Outliers are observations that are unusual - not necessarily because their features differ, but rather because their implications for the outcome variable are different from other comparable observations. Mislabelled data may appear as outlier, since the relationships between outcome and feature values may not make much sense.
Since outliers follow distinct decision paths in the random forest, RFCC does not cluster them with other observations. We can therefore find outliers by analyzing clusters that have very few observations.
Let's see what outliers exist in the mpg data.
clusters=model.cluster_descriptions(continuous_measures="mean")
clusters=clusters.sort_values(by="Nr_Obs")
outliers=clusters.head(2)
print(outliers)
Cluster_ID Nr_Obs cty-mean class cyl manufacturer displ-mean
16 1 16.0 minivan: 1.0% 6: 1.0% dodge: 1.0% 4.0
3 2 18.0 midsize: 1.0% 6: 1.0% hyundai: 1.0% 2.5
It seems we have one cluster (id=16) with a dodge minivan, and a cluster (id=3) with two observations.
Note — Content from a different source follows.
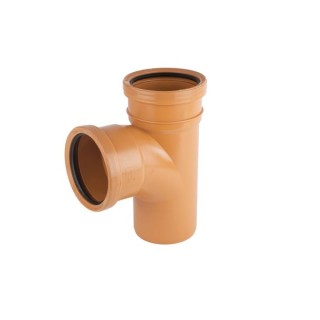 Osmadrain Drainage Equal Junction 87 Degree Single Socket 110mm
We can get the constituent observations directly from our model.
ids=model.get_observations(cluster_id=16)
print(dataset.iloc[ids,:])
ids=model.get_observations(cluster_id=3)
print(dataset.iloc[ids,:])
manufacturer model displ year cyl trans
48 dodge caravan 2wd 4.0 2008 6 auto(l6)
manufacturer model displ year cyl trans
113 hyundai sonata 2.5 1999 6 auto(l4)
114 hyundai sonata 2.5 1999 6 manual(m5)